Mirai botnet exploits a year-old D-Link PoC to build fresh botnets on discontinued routers (CVE-2025-29635)

Akamai's Security Intelligence and Response Team caught a Mirai variant actively exploiting CVE-2025-29635, a command-injection flaw in discontinued D-Link DIR-823X routers, roughly one year after the vulnerability was publicly disclosed and its proof-of-concept exploit posted to GitHub (and later removed). The flaw lives in the sub_42232C function of the router firmware, where an attacker-controlled macaddr field is copied into a command buffer via snprintf and passed to system() without validation, enabling remote command execution through a crafted POST to /goform/set_prohibiting. Firmware versions 240126 and 24082 are affected. D-Link retired the DIR-823X line in 2025, so there is no vendor patch and no vendor patch coming.
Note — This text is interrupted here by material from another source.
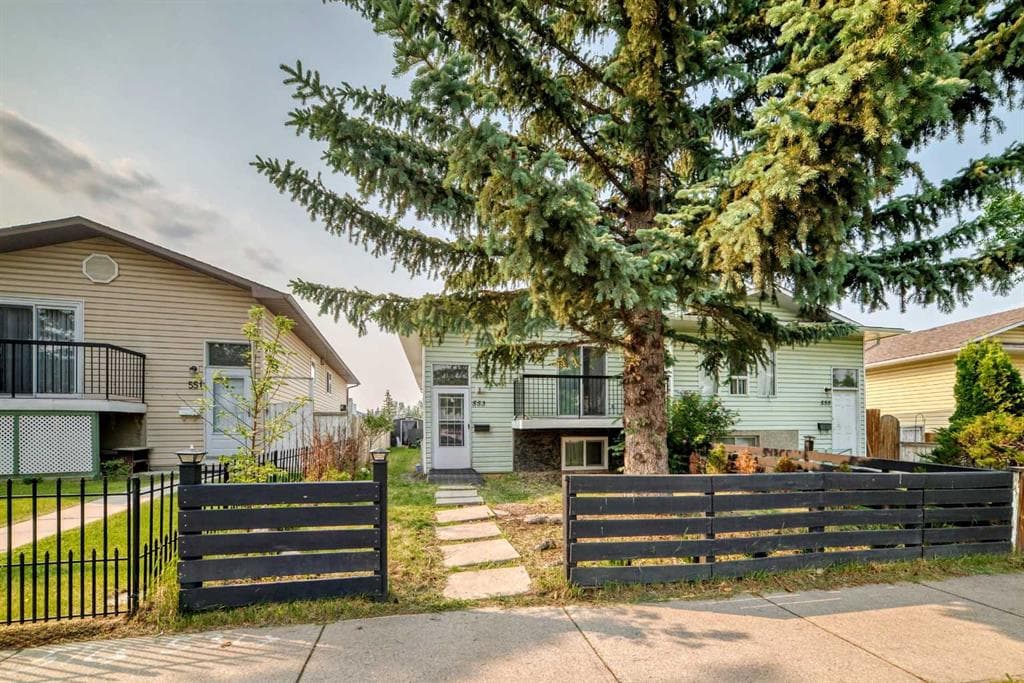 6-bed Semi-detached for sale at 553 Macewan Drive NW, Calgary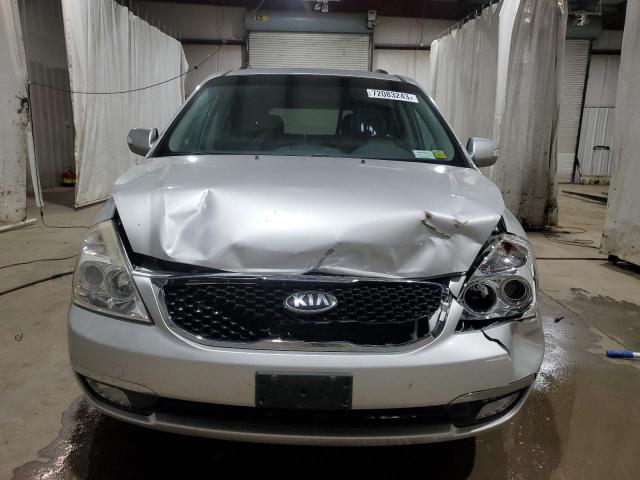 KNDMH4C78E6588454 - 2014 KIA SEDONA EX SILVER photo 5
The Mirai variant, called 'tuxnokill' by its authors, drops from 88.214.20[.]14 via a simple shell script, supports multiple CPU architectures, uses XOR key 0x30 to obfuscate strings, and phones home to 64.89.161[.]130 on TCP port 44300. The same operator is chaining D-Link alongside CVE-2023-1389 (TP-Link AX21) and a ZTE ZXV10 H108L RCE, giving them a diverse pool of end-of-life consumer routers to enslave. At the time Akamai reported, CVE-2025-29635 was not yet on the CISA KEV catalog. The lesson: public PoCs against dead hardware do not stay dormant forever, and the 'wait for active exploitation' instinct gives attackers a year's head start.

Check
Check your external attack surface (including remote-worker home networks that terminate corporate VPNs) for any D-Link DIR-823X, TP-Link AX21, or ZTE ZXV10 H108L routers facing the internet.
Affected
D-Link DIR-823X firmware 240126 and 24082 (the entire discontinued product line is affected and will not receive a vendor patch). Also actively targeted: TP-Link AX21 routers vulnerable to CVE-2023-1389 and ZTE ZXV10 H108L devices.
Fix
Replace affected D-Link DIR-823X units with a supported model - there is no fix. For TP-Link AX21, apply the vendor firmware addressing CVE-2023-1389. Block outbound traffic to 88.214.20[.]14 and 64.89.161[.]130 at your corporate perimeter and DNS resolver, and hunt for any past connections to them in flow logs. For remote-worker environments, enforce corporate-approved home-router models or at minimum audit for end-of-life consumer hardware terminating VPN tunnels.